Results from the quantitative survey are reported under four headings: identification and overview of services, identification of PwHD population, capacity at HD specialist services and key gaps in relation to capacity with access to facilities, HCPs and referral networks and also reported in Tables 1–3. These gaps were also identified as key themes in the qualitative phase.
Table 1
Type of organization, n (%) | n (%) |
Mental Health Trust | 7 (26) |
Tertiary referral hospital | 7 (26) |
Genetics and Neurology | 4 (15) |
District General Hospital | 3 (11) |
Other | 3 (11) |
Third sector provider, e.g., SHA | 2 (7) |
Rehabilitation service | 1 (4) |
Clinical lead for the HD clinic | |
Neurologist | 10 (37) |
Psychiatrist | 8 (30) |
Other | 5 (18) |
Geneticist | 4 (15) |
Table 2
HCP | n (%) |
Neurologist | 17 (63) |
Research nurse | 17 (63) |
Psychiatrist | 15 (56) |
HD specialist nurse | 13 (48) |
HD specialist employed by HDA | 13 (48) |
Geneticist | 12 (44) |
Researcher | 9 (33) |
Speech and language therapist | 9 (33) |
HD specialist employed by SHA | 8 (30) |
Occupational therapy | 7 (26) |
Physiotherapy | 6 (22) |
Social worker | 5 (19) |
Other* | 5 (19) |
Dietician | 3 (11) |
Nurse | 2 (7) |
Dentist | 1 (4) |
*Other HCPs include clinical psychologists, support workers, neuropsychiatrists, and research fellows.
Table 3
Premanifest | Stage 1-2 | Stage 3 | Stage 4-5 | |
Difficult | 2 (7) | 4 (15) | 2 (7) | 5 (18) |
Adequate | 15 (56) | 13 (48) | 13 (48) | 15 (56) |
Easy | 9 (33) | 10 (37) | 12 (45) | 6 (22) |
Don’t know | 1 (4) | 0 (0) | 0 (0) | 1 (4) |
The insights from the qualitative interviews are shown using quotation marks in separate boxes and next to each quote we indicate the role the respondent has within the HD service.
RESULTS
Identification of specialist services for HD
A total of 31 specialist services for HD were identified through desk research (England 18, Scotland 10, Wales 2, and Northern Ireland 1) of which 27 centers completed the online survey (quantitative phase), primarily by a clinician (15) or nurse (5). The follow up interview (qualitative phase) was completed in 23 centers: 13 in England, 8 in Scotland and 2 in Wales, and interviews were mainly with a clinician (13) or nurse (7).
Overview of specialist services for HD
The main characteristics of these specialist services are summarized in Table 1. Services were led primarily by a mental health trust (26%) or tertiary referral hospital (26%), with clinical leads predominantly comprising neurologists, psychiatrists, and geneticists. Other clinical leads were neuropsychologists, neuropsychiatrists, or HD specialist nurses.

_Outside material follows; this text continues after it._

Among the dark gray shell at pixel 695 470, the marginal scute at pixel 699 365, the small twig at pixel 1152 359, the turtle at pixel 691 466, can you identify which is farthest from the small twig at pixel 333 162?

Of the 27 services that completed the online survey, 23 had an active multidisciplinary team (MDT), comprising common HCPs that included neurologists (63%), research nurses (63%), psychiatrists (56%), and HD specialist nurses (48%) (Table 2). MDT meeting frequency varied from none at all (15%), to weekly (41%), monthly (19%), or more than monthly (15%).
Majority of specialist services offered outpatient clinics (96%) and many also offered outreach in the community (74%) and telemedicine appointments (70%). Fewer services offered inpatient beds (26%) or satellite clinics (26%).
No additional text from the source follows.